You can also access the full precision of the quantity:

>>> h_line.render(prec='full')
'1.420405751786 GHz'

>>> h_line.render(show_si=False, prec='full')
'1.420405751786e9 Hz'

Full precision implies whatever precision was used when specifying the quantity if it was specified as a string and if the keep_components preference is True. Otherwise a fixed number of digits, specified in the full_prec preference, is used (default=12). Generally one uses ‘full’ when generating output that is intended to be read by a machine.

Scaling When Rendering a Quantity

Once it comes time to output quantities from your program, you may again may be constrained in the way the numbers must be presented.
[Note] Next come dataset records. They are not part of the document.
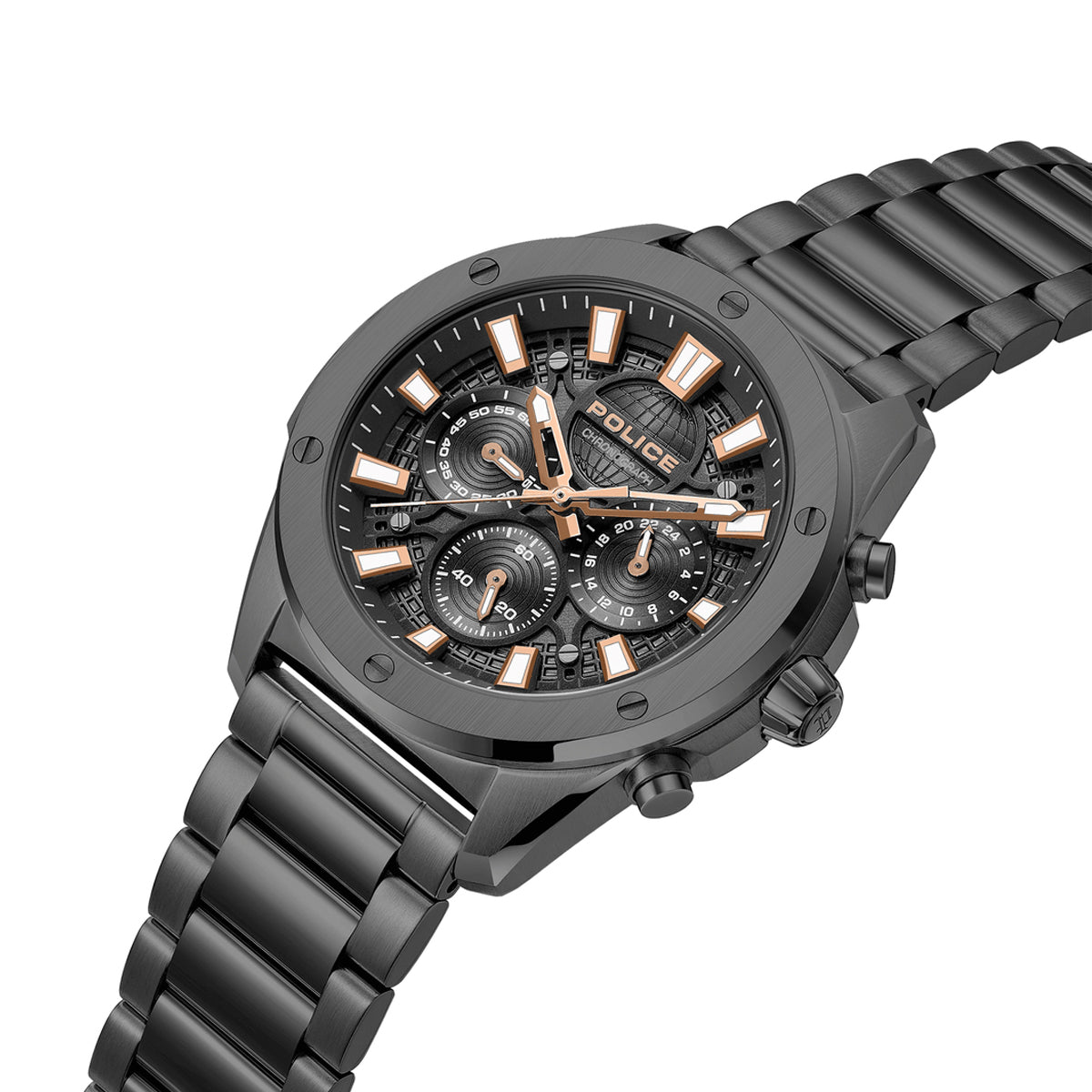 Men's Watch POLICE WATCHES Mod. PEWGK0093103
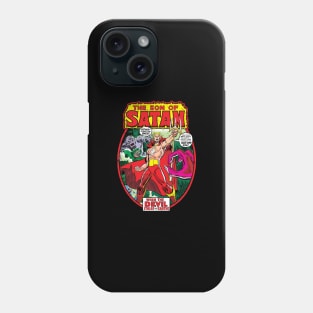 Son of Satan (Black Print) Phone Case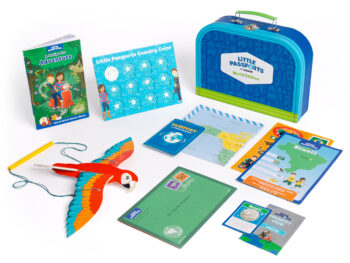 World Adventures Brazil activity kit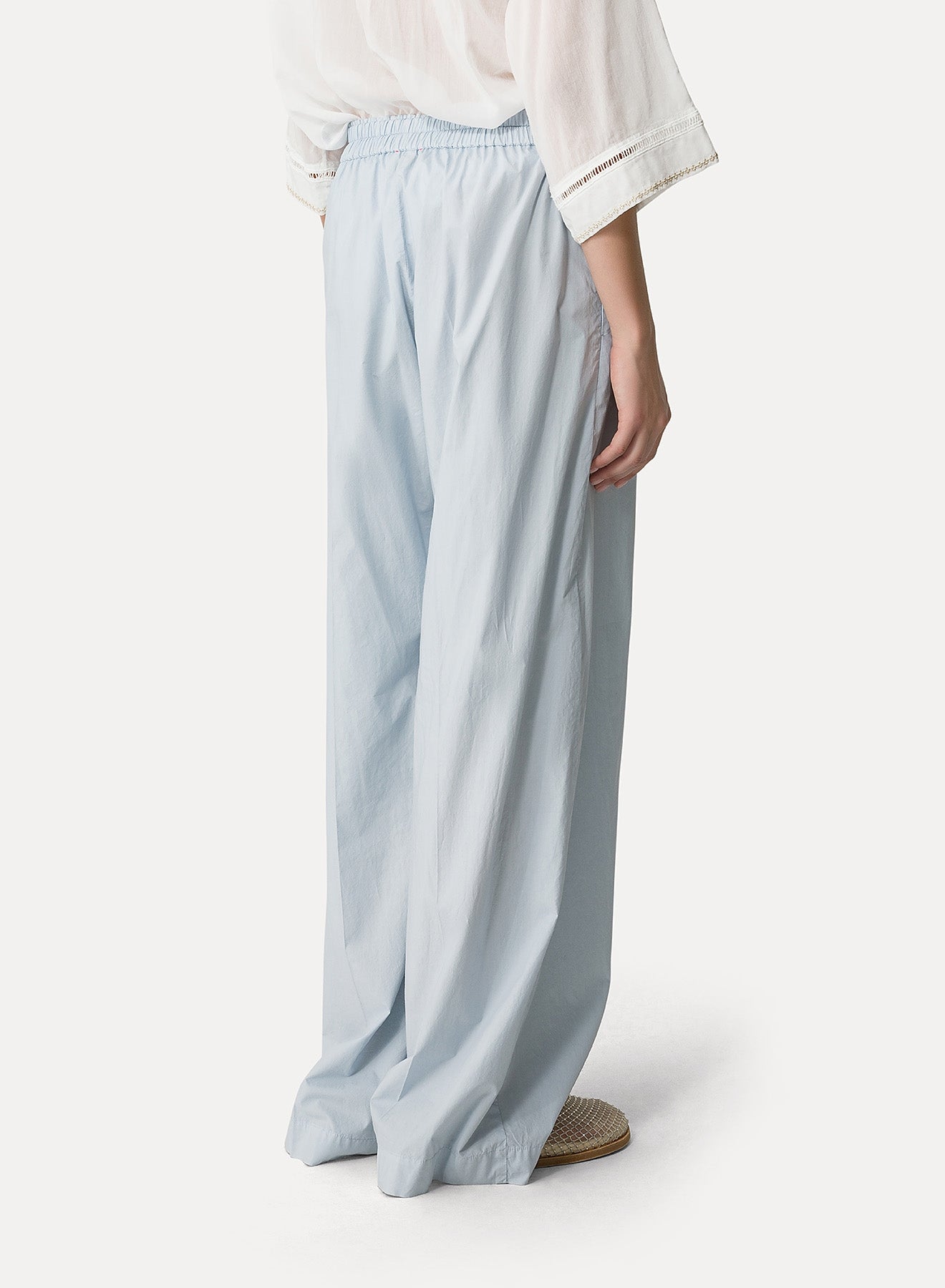 Pantalon avec élastique à la taille - Rugiada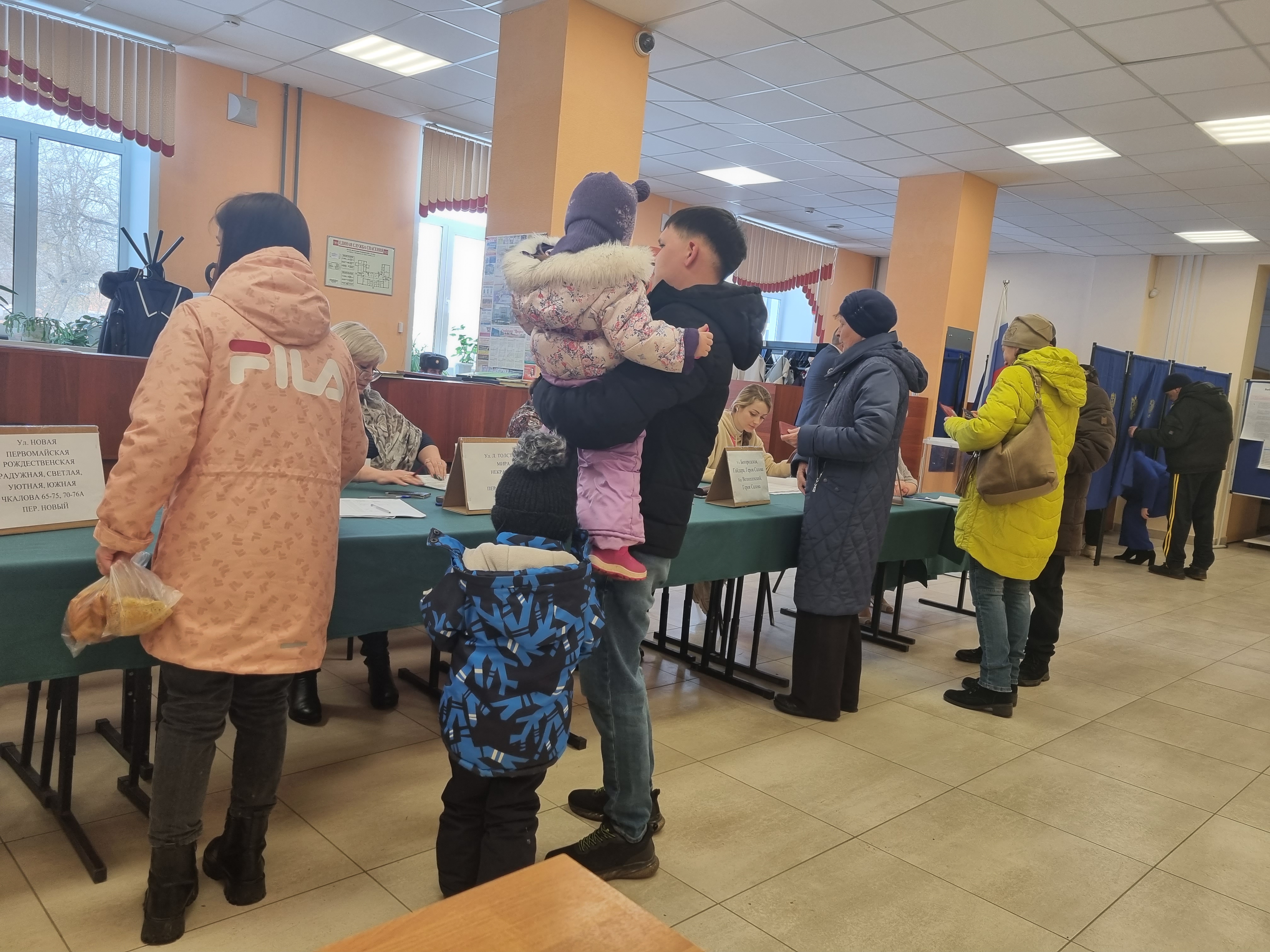 Сообщение наблюдателя — УИК №214, Нижегородская область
QuantiPhy also allows you to rescale the values as you render them to strings. In this case, the value of the quantity itself remains unchanged. For example, imagine having a quantity in grams and wanting to present it in either kilograms or in pounds:

>>> m = Quantity('2529 g')
>>> print('mass (kg): %s' % m.render(show_units=False, scale=0.001))
mass (kg): 2.529

>>> print(m.render(scale=(0.0022046, 'lb'), show_si=False))
5.5754 lb

As before, functions can also be used to do the conversion. Here is an example where that comes in handy: a logarithmic conversion to dBV is performed.

>>> import math
>>> def to_dB(value, units):
...     return 20*math.log10(value), 'dB'+units

>>> T = Quantity('100mV')
>>> print(T.render(scale=to_dB))
-20 dBV

Finally, you can also use either the built-in converters or the converters you created to do the conversion simply based on the units:

>>> print(m.render(scale='lb'))
5.5755 lb

In an earlier example the units of time and temperature data were converted to normal SI units. Presumably this makes processing easier. Now, when producing the output, the units can be converted back to the original units if desired:

>>> for time, temp in data:
...     print('%-7s %s' % (time.render(scale='min'), temp.render(scale='°F')))
0 min   450 °F
10 min  400 °F
20 min  360 °F

String Formatting

Quantities can be passed into the string format method:

>>> print('{}'.format(h_line))
1.4204 GHz

>>> print('{:s}'.format(h_line))
1.4204 GHz

In these cases the preferences for SI scale factors, units, and precision are honored.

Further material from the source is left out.